117 Feuerwehren:

Nach Hitze kam Flut: So viel Regen wie in 14 Tagen

„Zuerst arbeiteten die Kameraden die Einsätze ab, dann mussten sie zum Teil daheim die eigenen Keller auspumpen“ – Stefan Buchner, Kommandant der FF Zell am Moos, ist voll des Lobes für seine Leute. Denn nach dem Hitze-Sonntag gingen die Himmelsschleusen auf, es regnete teilweise so viel wie sonst in 14 Tagen.

Der Starkregen war angekündigt, aber im Innviertel – und da besonders in St.
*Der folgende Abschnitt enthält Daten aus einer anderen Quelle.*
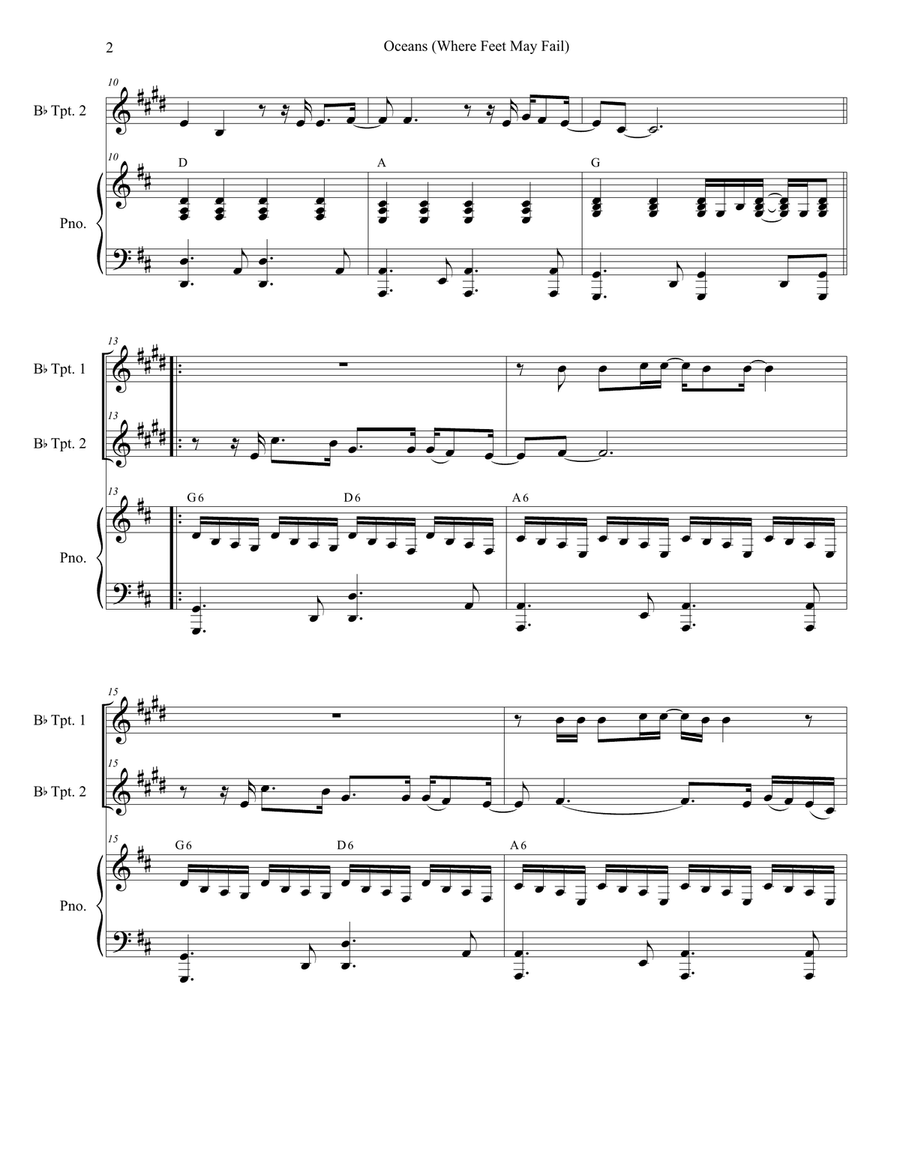 Oceans (Where Feet May Fail) Trumpet Duet scores gallery preview page 2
Pantaleon sowie in Zell am Moos im Mondseeland – schüttete es ab 21 Uhr derart, dass es binnen kürzester Zeit „Land unter“ hieß. Bis zu 75 Millimeter Niederschlag fielen in nur wenigen Stunden – soviel wie sonst in zwei Juniwochen.

200 nächtliche Einsätze
„Wir verzeichneten rund 200 Einsätze in der Nacht, davon 160 wegen Überschwemmungen, der Rest betraf Blitzschläge oder umgestürzte Bäume“, berichtet Markus Voglhuber vom Landesfeuerwehrkommando Oberösterreich. Ein Ausläufer der Gewitterzelle erwischte auch noch die Gemeinde Tiefgraben im Mondseeland.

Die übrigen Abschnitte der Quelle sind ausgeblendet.